«Les troisièmes Assises sur la fiscalité ont produit une loi-cadre de programmation fiscale sur les cinq prochaines années. Notre souhait est de changer de système fiscal pour évoluer vers un système plus équitable, plus juste, orienté vers le développement et qui intègre les principes de bonne gouvernance fiscale», explique Mohamadi Rachdi El Yacoubi, président du cercle des fiscalités du Maroc (CFM). Pour l’invité de L’Info en Face, les dernières lois de Finances ont repris certaines recommandations issues de ces Assises, notamment la mise en conformité par rapport à la fiscalité internationale, en relation avec les exigences de l’Organisation de coopération et de développement économiques (OCDE), le réaménagement de l’impôt sur les sociétés (IS), ainsi que l’amélioration du système fiscal qui régit les TPME et qui a abouti à l’installation du régime de contribution professionnelle unique (CPU).

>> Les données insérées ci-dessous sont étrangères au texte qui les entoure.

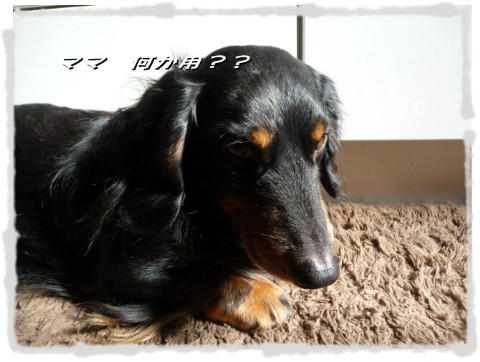 P1060264 Web 表示用 (中)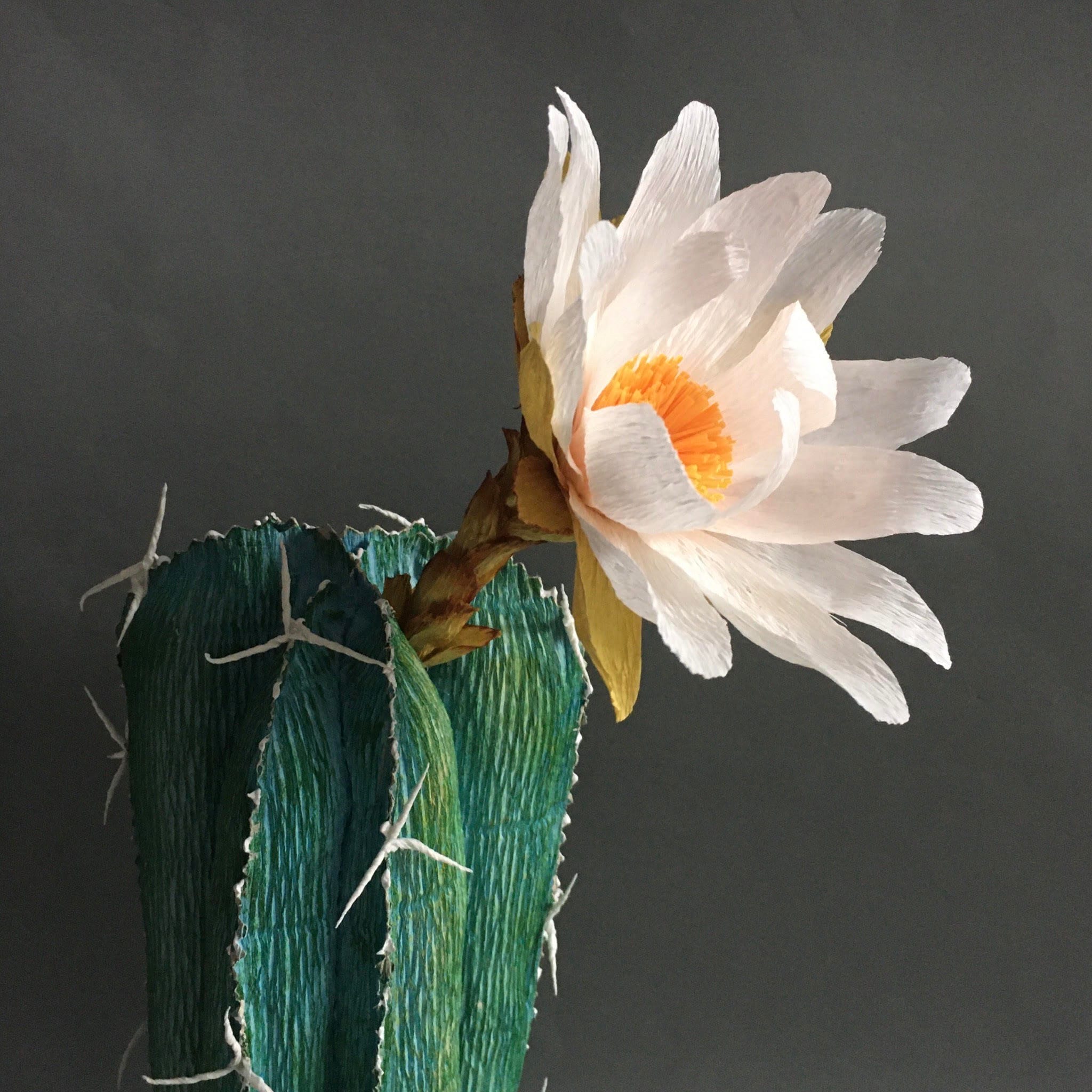 ThePaperHeart DIY crepe paper flowering cactus tutorial for Etsy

Dans le détail, Mohamadi Rachdi El Yacoubi note que la principale mesure fiscale adoptée par ce PLF est le réaménagement de l’impôt sur les sociétés pour abandonner la progressivité et revenir à la proportionnalité. «Quand on regarde le benchmark international, c’est vrai que la règle c’est un taux unique et proportionnel au niveau de l’IS. La progressivité était une innovation au Maroc, la question est pourquoi avoir opté pour ce système pour ensuite revenir en arrière. Cette décision est mal perçue, car elle instaure, encore une fois, une instabilité dans le système fiscal. Il fallait, dès le départ, ne pas mettre en place la progressivité», a-t-il indiqué. Pour l’expert, l’instabilité est à proscrire dans un système fiscal, car les investisseurs nationaux et étrangers ont besoin de stabilité pour faire leurs prévisions, ainsi que d’un système incitatif pour les attirer.
S’agissant de l’impôt sur le revenu (IR), l’invité de L’Info en Face déplore l’absence de mesures concrètes. «Le réaménagement des étages et des taux de l’IR est une attente qui existe depuis plusieurs années, mais malheureusement rien n’est fait à ce niveau. On continue à avoir un taux qui atteint 38%, ce qui est relativement élevé. Il est vrai que l’essentiel des recettes de l’IR provient des salaires, mais il est temps de réformer ce barème, d’autant plus qu’il touche de larges couches de la société», a-t-il souligné. Selon le président du CFM, il faut chercher d’autres moyens que les recettes fiscales pour financer le Budget de l’État et la sortie de crise : «Il faudrait que nos politiques réfléchissent à d’autres leviers que les recettes fiscales actuelles et cherchent des techniques modernes d’endettement, notamment la gestion active de la dette et le développement des partenariats public-privé. Aujourd’hui, le levier fiscal a ses limites et on le voit, d’où le besoin d’une réforme du système fiscal qui va appuyer la croissance et favoriser l’investissement productif et créateur d’emplois». L’enjeu étant de pousser le contribuable à plus d’adhésion à l’impôt et de lutter, de manière adéquate, contre l’incivisme fiscal.